Typophyllum spurioculis

Scientific classification
- Domain: Eukaryota
- Kingdom: Animalia
- Phylum: Arthropoda
- Class: Insecta
- Order: Orthoptera
- Suborder: Ensifera
- Family: Tettigoniidae
- Genus: Typophyllum
- Species: T. spurioculis
- Binomial name: Typophyllum spurioculis Baker, Sarria-S., Morris, Jonsson & Montealegre-Z., 2017

= Typophyllum spurioculis =

- Genus: Typophyllum
- Species: spurioculis
- Authority: Baker, Sarria-S., Morris, Jonsson & Montealegre-Z., 2017

Species of cricket-like animal

Typophyllum spurioculis is a species of day-camouflage leaf-mimicking katydids belonging to the genus Typophyllum. T. spurioculis lived in South America in the Andean cloud forest from western Ecuador, to Columbia in the middle central cordillera mountain range.
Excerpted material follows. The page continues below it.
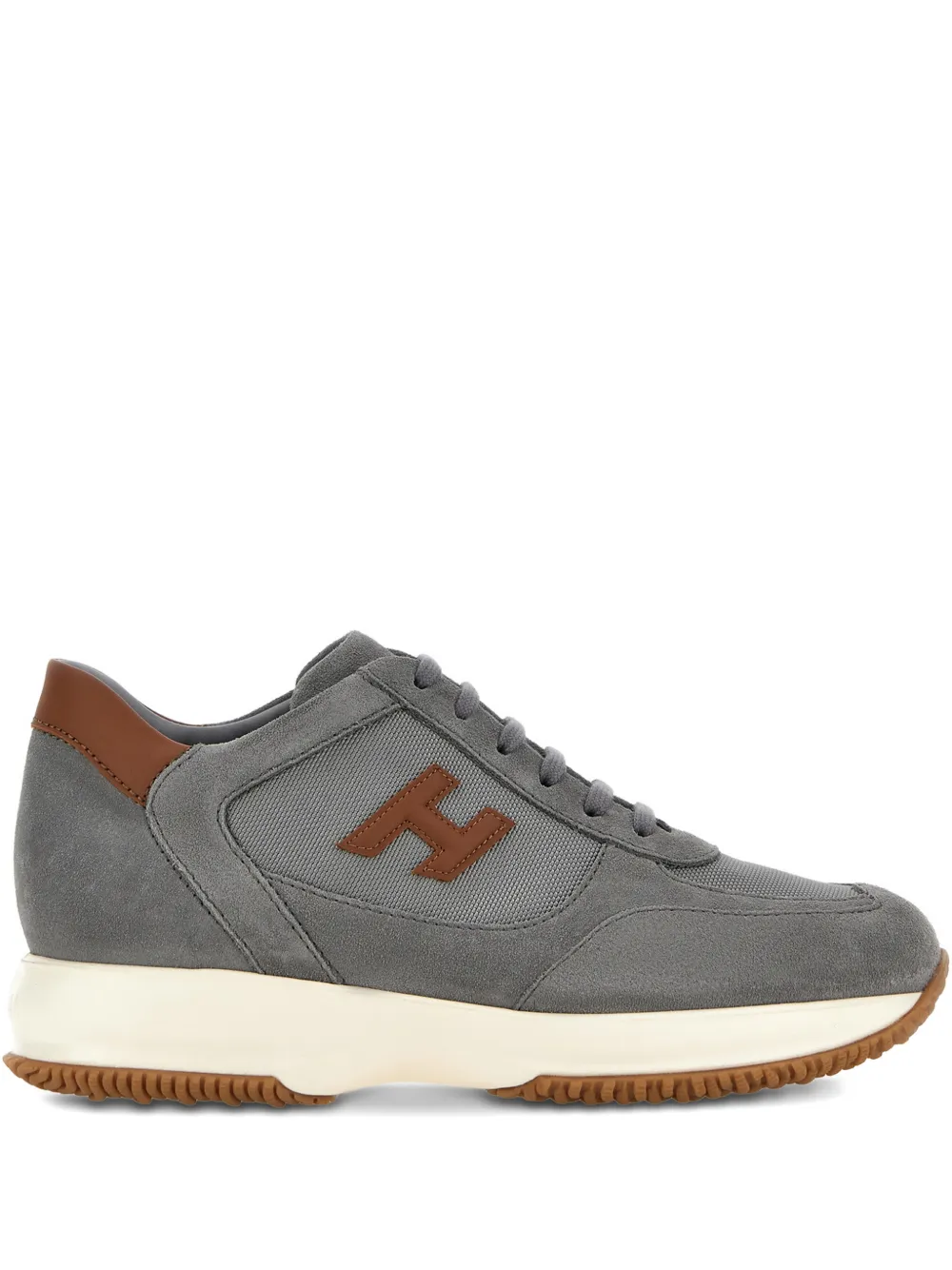 Hogan Interactive Logo-detail Sneakers In Gray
They live in a habitat that revives 2000 millimeters to 4000 millimeters of rainfall and at elevations from 1850 meters to 2600 meters.

== Description ==
The legs on T. spurioculis have bright orange spots on them. Females of this species are larger than the males of this species.

=== Camouflage ===
The camouflage of typophyllum spurioculis appear as if they are bite-damaged leafs. The body of T. spurioculis also have areas with necrotic spots. Their camouflage is so effective that they look nearly invisible to the human eye.